It was 1979 and in typical teenager mode, my DH thought he was fearless and immortal. Perhaps that is why one day he was goofing off after school at Maconaquah High School in Bunker Hill, Indiana. It was before swim practice which was held about 1/2 mile away and I guess, since Mark had nothing better to do and was trying to show off, my DH had a great idea and I use that term loosely. He mused, “How about if I sit on the hood of my buddy’s car and have him drive me to swim practice?”


With nary a second thought, the guy agreed and Mark jumped onto the hood of the car, grabbed tightly to back of the hood and said, “Let’s go!” Weeee eeeeeeeeeeeeeeee! According to Mark’s recollection, the guy cooked along pretty fast about 40-50 mph and they quickly reached their destination. No biggie, no consequence, no nothing, Mark didn’t think anything of his antics until the next day.

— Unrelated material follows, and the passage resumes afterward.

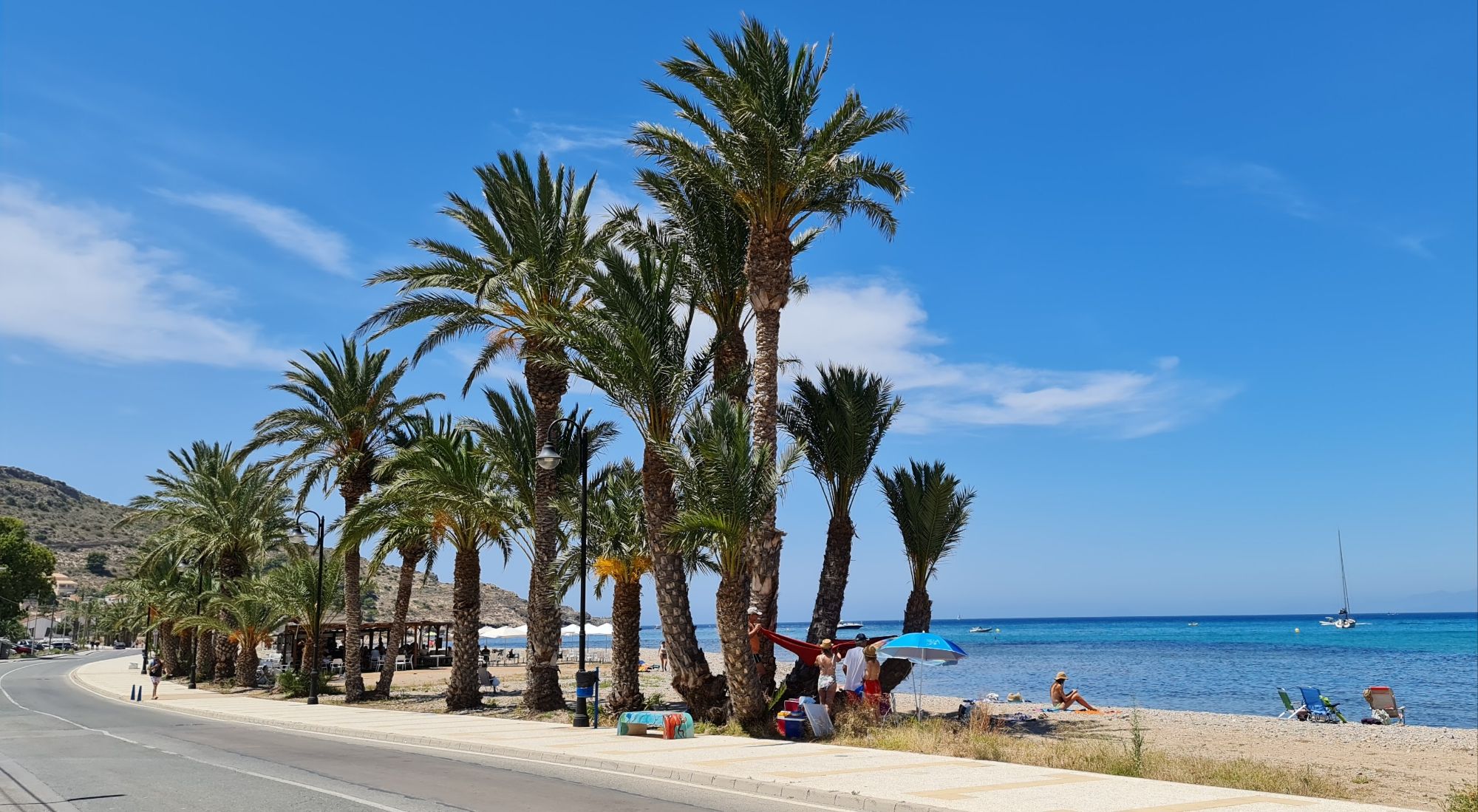 Ruta en Moto Cartagena y la Costa Cálida: entre historia, mar y calas escondidas. Guía de Mototurismo Murcia | SUKI ON THE ROAD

That’s when Mark strode into Mr. Beall’s Government class. Everyone sat down, got ready for class and before Mr. Beall started his normal lecture, he announced he had something to read. The stubby little teacher pulled out a newspaper article and without anyone else knowing, glanced intentionally at the cocky and really cute 17 year old swimmer aka my DH who was sitting at a desk.

Mr. Beall proceeded to read a story. He was known for having a file cabinet stuffed with newspaper articles. Long before the Internet, Mr. Beall had an arsenal of facts, stories and notifications. If there was a tidbit or a snippet, Mr. Beall must have had them neatly categorized, waiting for the perfect moment to share. And a perfect moment had arrived about 24 hours ago. 

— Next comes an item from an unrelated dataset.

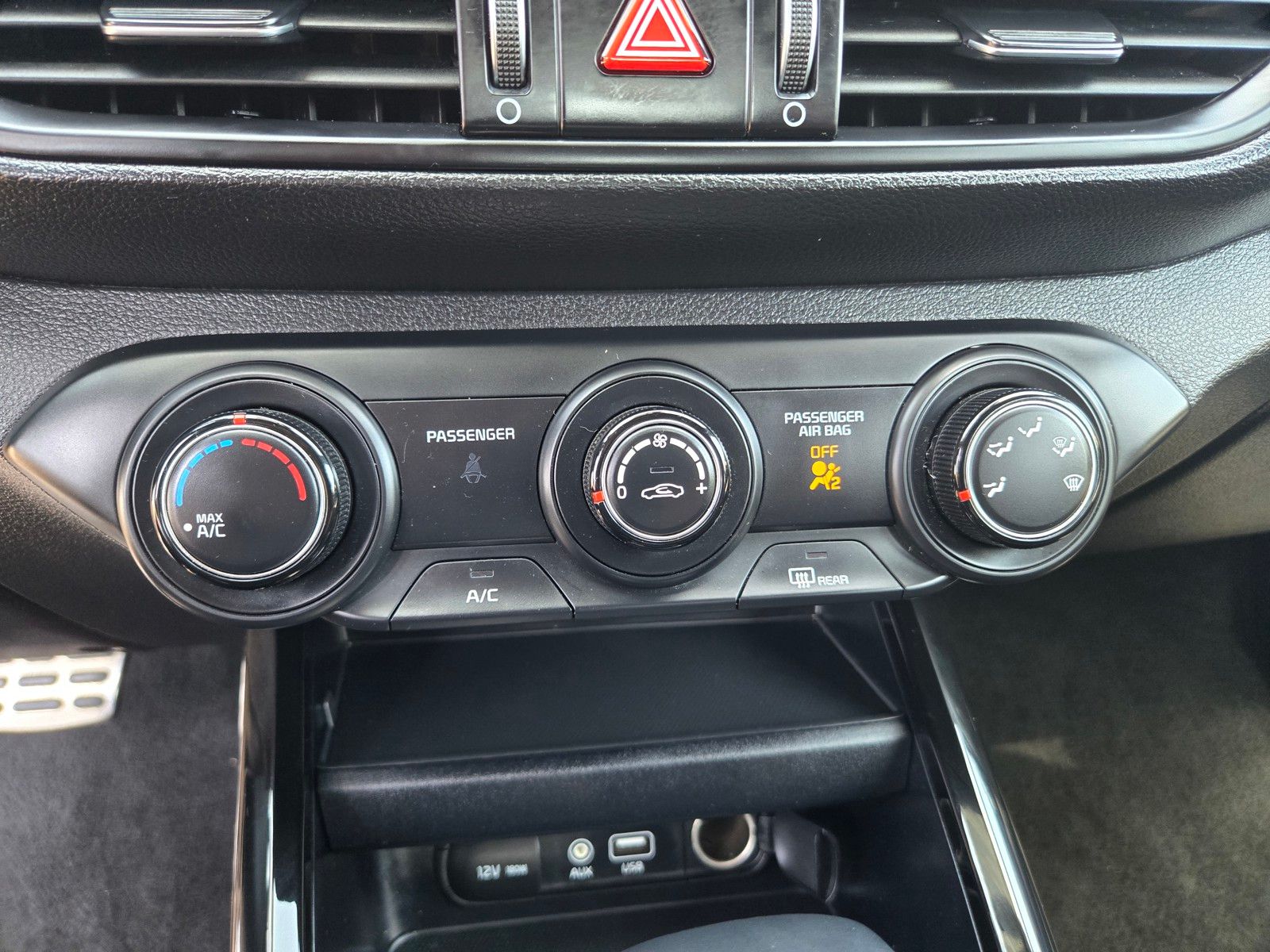used 2021 Kia Forte car, priced at $19,730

And so he began to read. Most of the students were clueless as to why he was reading this particular story. But the cocky and really cute 17 year old swimmer aka my DH was keenly aware of what Mr. Beall was doing. The teacher shared with his students a newspaper article about a young man who took a joyride on the front of a car and fell off. He cracked his head on the pavement and died instantly. As Mr. Beall finished the story, he paused, looked at that kid and promptly told his class to open their books for the lesson.

That happened 31 years ago and although Mr. Beall has since passed away, his memory will live on. I can’t tell you how many times I have heard that story. I can’t tell you how many times our OS have groaned as Mark begins to repeat the “Mr. Beall” story.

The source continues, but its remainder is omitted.